Al parecer, un suizo ya había dado señales de que algo no andaba bien. No preguntamos más.
A eso de las 4:30, comenzó el espectáculo. Bueno, no “comenzó”, porque en realidad ya había empezado hacía horas, casi sin que lo notáramos. Pero ahora se volvía evidente. El sol, al descender, comenzaba a dibujar sombras sobre la escalinata. Sombras que parecían moverse solas. Cada punta de cada escalón se alineaba con el borde de luz. Poco a poco, la serpiente tomaba forma.
No fue un error, como pensaban algunos arqueólogos del siglo XIX. Stephens escribió que la pirámide no estaba bien orientada. Pero no entendía que esa desviación de veinte grados era lo que hacía posible esta danza de luz y piedra.

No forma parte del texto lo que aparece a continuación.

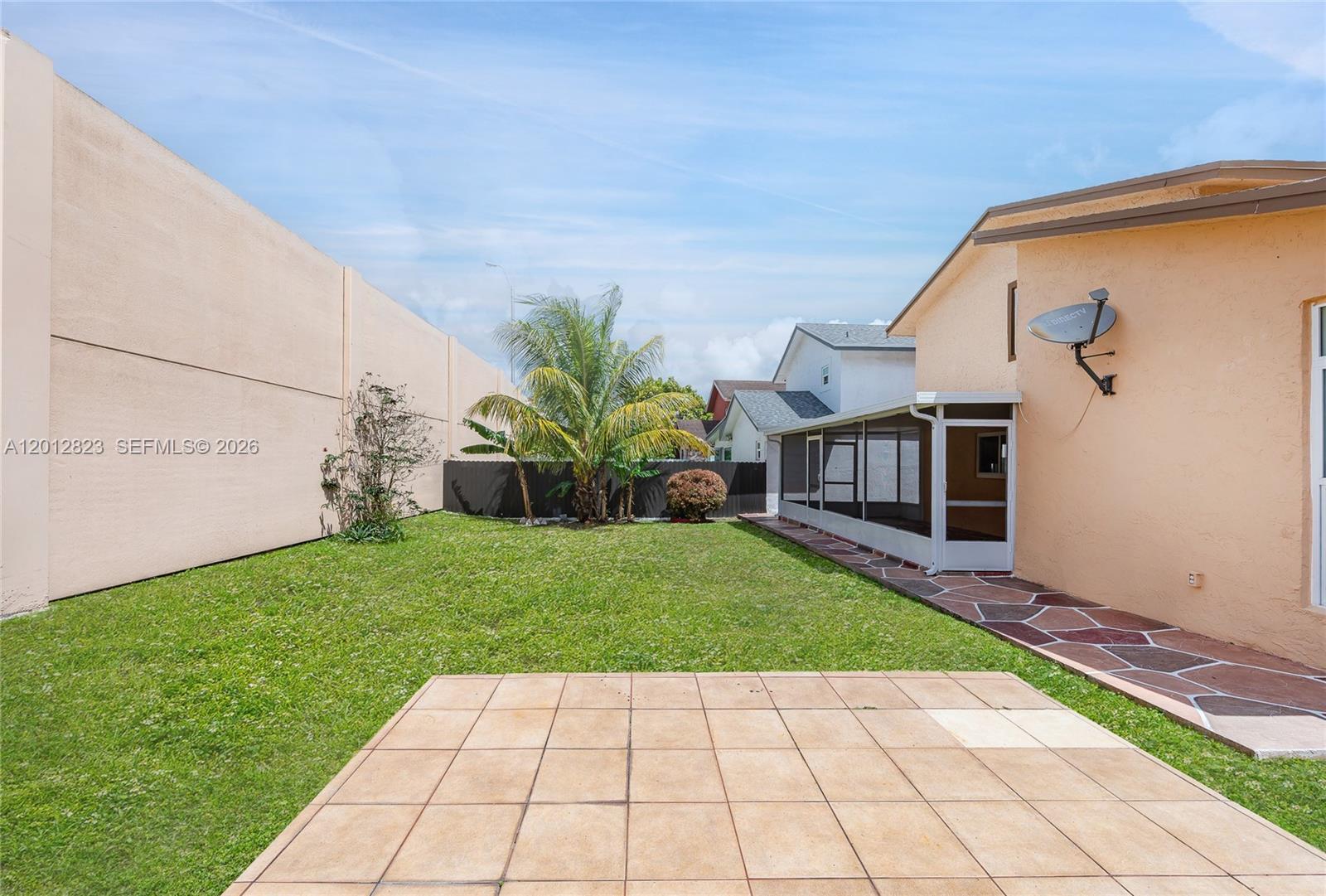 1007 NW 106th Ave Cir — Photo 3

La gente contenía la respiración. No era una explosión de emoción, era un silencio tenso, una espera paciente. Como si estuviéramos todos dentro de un reloj que mide el tiempo en siglos.
Y de pronto, estaba ahí.
Siete triángulos de sombra descendiendo con exactitud matemática por la escalinata. Justo al final, la cabeza de piedra de la serpiente emplumada. Kukulkán bajando a la Tierra.
Durante diez minutos, todo pareció detenerse. Diez minutos de magia, de historia viva. Diez minutos en los que una civilización milenaria nos decía que aún estaba aquí.
Y cuando se terminó… no pasó nada.
El mundo no se acabó. La explanada se fue vaciando. Algunos se quedaron rezando, cantando, abrazando la energía que decían haber absorbido. Otros simplemente se iban en silencio, como si hubieran presenciado algo sagrado y no supieran muy bien cómo explicarlo.
Yo me quedé sentado un rato más, viendo las sombras desvanecerse. Escuchando la selva volver a sonar. Pensando en esa bajada lenta, paciente, casi imperceptible de Kukulkán.
Quizá el mundo sí se acabó ese día. Pero no de golpe. Tal vez el fin comenzó ahí, en silencio. Y todavía estamos bajando por esa escalinata, paso a paso, sin darnos cuenta.
Tal vez seguimos vivos, pero ya somos otros.